Some horse owners have simple expectations of their horses. Standing in the pasture about covers it- and a couple of trail rides a year seals the deal. I don’t actually know anyone who falls into that category.
Most of us love the equine-human partnership and want more. We have goals; some of my clients want to want to abandon their fear of the canter, some want to show their horses. Most have a feeling while riding that is a combination of freedom and oneness that is addictive. Riders can be like surfers looking for the perfect wave. We want a ride with Losgelassenheit- a dressage word that describes a feeling of relaxed forward movement that is effortlessly rhythmic.
It can be hard to know what is fair to expect of an individual horse. Here’s one rule of thumb: if you have to ask, there is a good chance the Olympics aren’t in your future. So sad, now exhale. On the other hand, I have taken two mid-range foals to upper levels in dressage. We didn’t have elite gaits but success is measured in more than one way- taking that journey with them changed who I am.
Is it fair to ask so much from a horse? Is it fair to let them stand in a field? That’s open to debate, but I am sure of this. Horses love an enthusiastic rider and a perfect storm of positivity and training can lift a horse above his physical limitations. Hard work and enthusiastic commitment can buy what money can’t; the combined result can be greater than the sum of the horse and rider parts. That synergy is the magic that everyone seeks.

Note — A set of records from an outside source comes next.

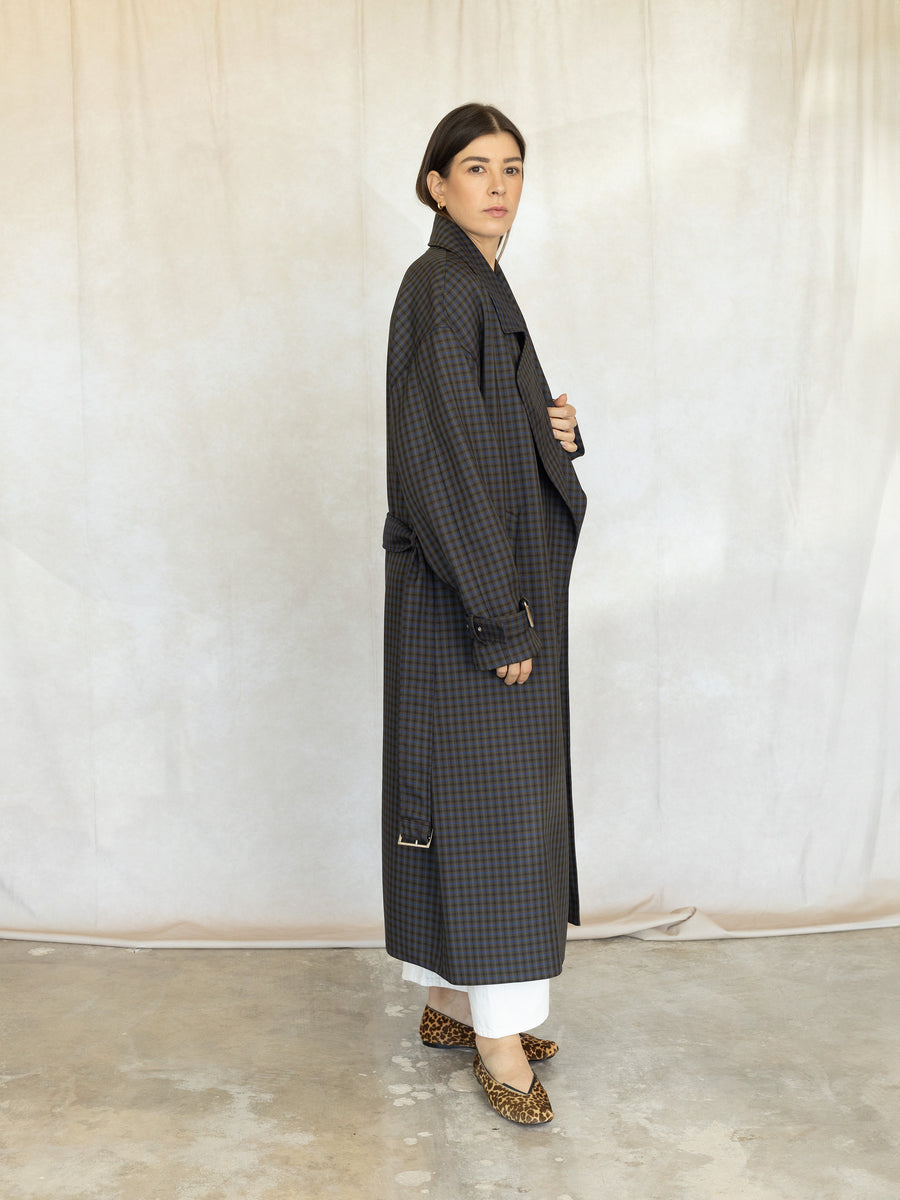 Oversized Trench - Carob Check Plaid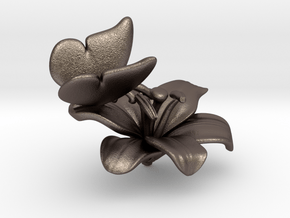 Butterfly And Lily Flower - S in Polished Bronzed Silver Steel
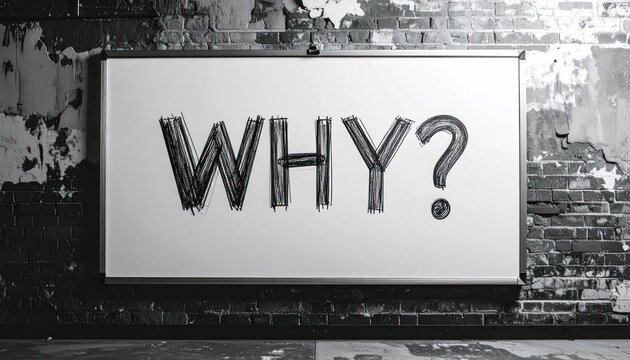 WHY? Written on a Whiteboard in a Grungy, Urban Setting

I know a rider preparing for Grand Prix, and two preparing to canter. The required path is the same; generosity- breathe deep and give more. Whatever level of commitment you make, if you want more- you have to give more. It’s just true- in life and with horses; we get back just about exactly what we put out. No mystery- no excuses- no shortcuts.
Jacqueline Kennedy was a rider. I wonder if she might have said it first, “Ask not what your horse can do for you- ask what you can do for your horse.”